Yesterday's election was notable for many reasons -- rejection of President Barack Obama's agenda, the largest opposition pick up in 80 years, the perks of incumbency outweighed by anti-establishment sentiment among voters. Also notable is that although the country is fighting two wars and foiled a terrorist plot just days before the election, national security had almost no place in the contest. To the extent national security was even mentioned, it was in terms of our strategic vulnerability due to massive debt.

But now that the dust is settling on the dimensions of Republican victory, what is it likely to mean for the wars we are fighting? The president has picked up support for winning the wars, although the president himself is hesitant to use the word. Republicans elected yesterday will be concerned about the cost of the wars, but they are basically Jacksonians. They will provide the votes for the president to persevere, and to reverse his damaging timeline for drawing down forces in Afghanistan.

Walter Russell Mead perfectly captured the principled, strong armed, anti-establishment populism of this line of thinking in U.S. foreign policy. His article on the Jacksonian Tradition in the Winter 1999/2000 issue of The National Interest should be required reading for anyone wanting to understand where the 112th Congress is likely headed. The president himself might also want to read former President George W. Bush's soon-to-be-released memoir, in which he considers a premature drawdown of troops in Iraq to have been one of his biggest mistakes.

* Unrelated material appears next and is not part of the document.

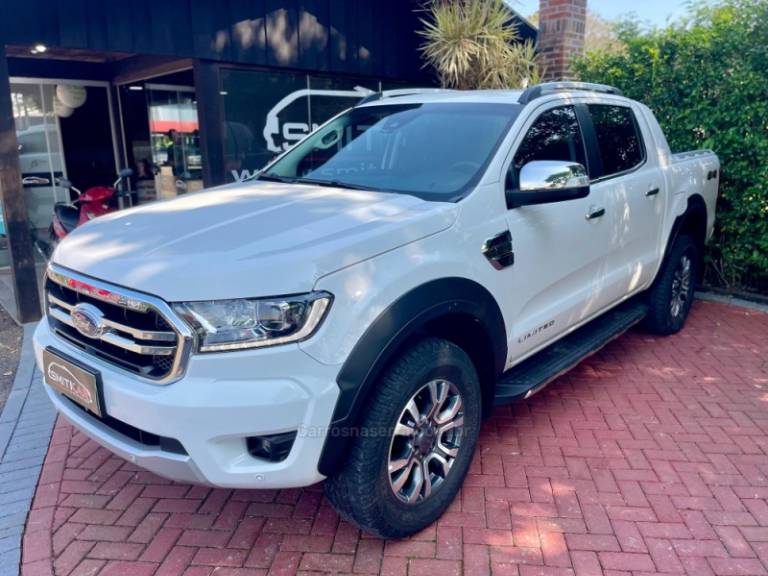 FORD - RANGER - 2021/2022 - Branca - R$ 209.900,00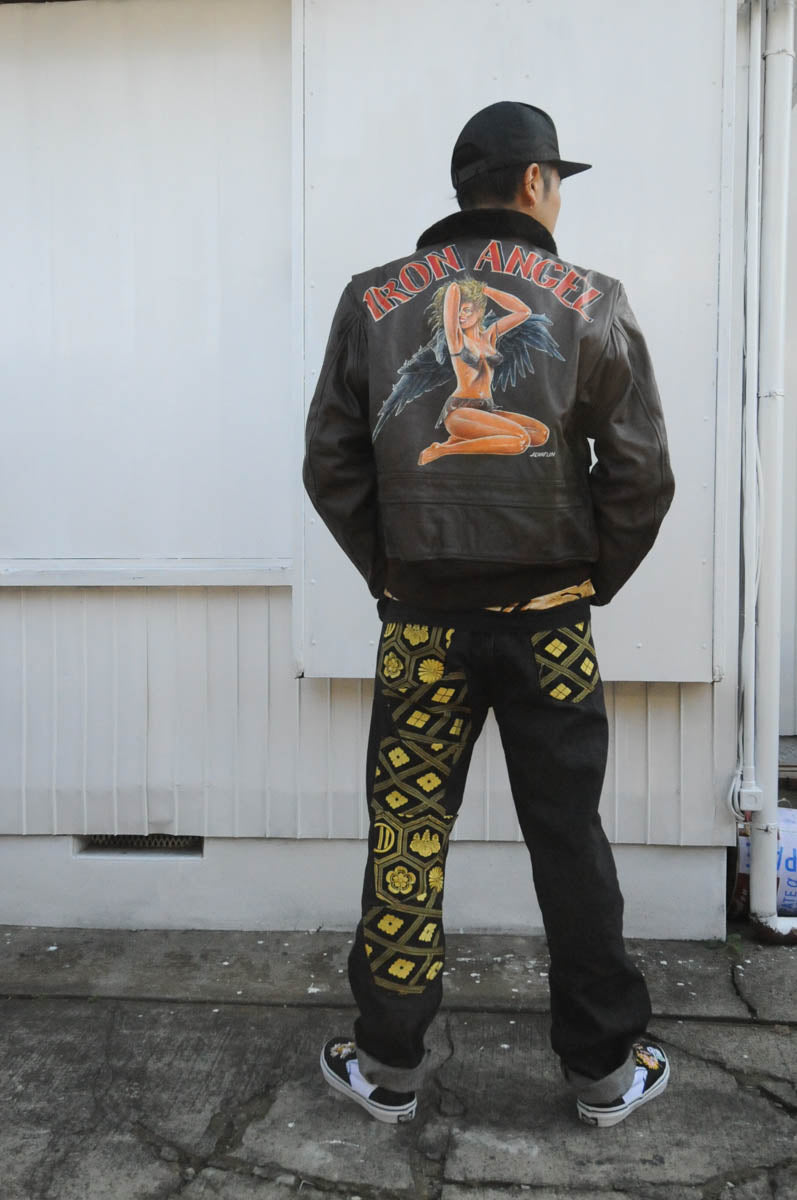 Chaqueta de vuelo G-1 de la Marina de EE. UU. de 1977, de Ralph Edwards, arte pin-up pintado en la nariz «Iron Angel», MIL-J-7823E, talla 44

Where the election will complicate President Obama's war policies is that moderate Democrats were turned out of the House in large numbers; the president has a Democratic caucus in the House significantly more liberal than the Democratic Party. This could limit the president's ability to let slide his end game for Afghanistan, especially if he is forced to trim his sails on other liberal shibboleths.

But the president is not going to carry liberal Democrats on the wars whether or not he sticks to his politically-driven 2011 drawdown. "Ending combat operations" in Iraq has not been the improvement in security the president promised, as Tuesday's bombings sadly illustrate, and the president can ill afford such an outcome in "the good war." Liberal disaffection was less a problem for Democrats than the stampede of independents to the right; moderating his timeline to achieve the objectives of the war would likely appeal to them.

Working across the aisle on the wars may help build confidence between the White House and Republicans, providing a basis for compromise on other pressing issues, like debt reduction and entitlement reform. Americans like divided government. We are a people made great by distrust of our own government, a fact the Washington establishment often forgets.

Perhaps the lesson Democrats ought most to take from yesterday's drubbing (and Republicans from the unsuccessful bids by some of our most divisive candidates) is Thomas Jefferson's caution that great innovations should not be forced by slim majorities. A desire for consensus is fundamental to our political culture, probably the result of our great diversity. As a European once pointed out to me, "you Americans prize individuality, but you all dress alike."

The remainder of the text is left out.